# TASK BRIEF:
The records below are to be duplicated exactly as they appear.

# Saved data entries:

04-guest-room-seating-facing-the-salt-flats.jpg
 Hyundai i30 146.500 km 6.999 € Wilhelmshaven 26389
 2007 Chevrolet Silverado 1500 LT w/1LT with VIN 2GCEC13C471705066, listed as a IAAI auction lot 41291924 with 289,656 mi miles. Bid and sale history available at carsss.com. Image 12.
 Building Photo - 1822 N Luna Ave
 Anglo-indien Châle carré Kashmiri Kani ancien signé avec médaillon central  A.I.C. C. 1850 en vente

# RESULT OF THIS EXERCISE:
04-guest-room-seating-facing-the-salt-flats.jpg
 Hyundai i30 146.500 km 6.999 € Wilhelmshaven 26389
 2007 Chevrolet Silverado 1500 LT w/1LT with VIN 2GCEC13C471705066, listed as a IAAI auction lot 41291924 with 289,656 mi miles. Bid and sale history available at carsss.com. Image 12.
 Building Photo - 1822 N Luna Ave
 Anglo-indien Châle carré Kashmiri Kani ancien signé avec médaillon central  A.I.C. C. 1850 en vente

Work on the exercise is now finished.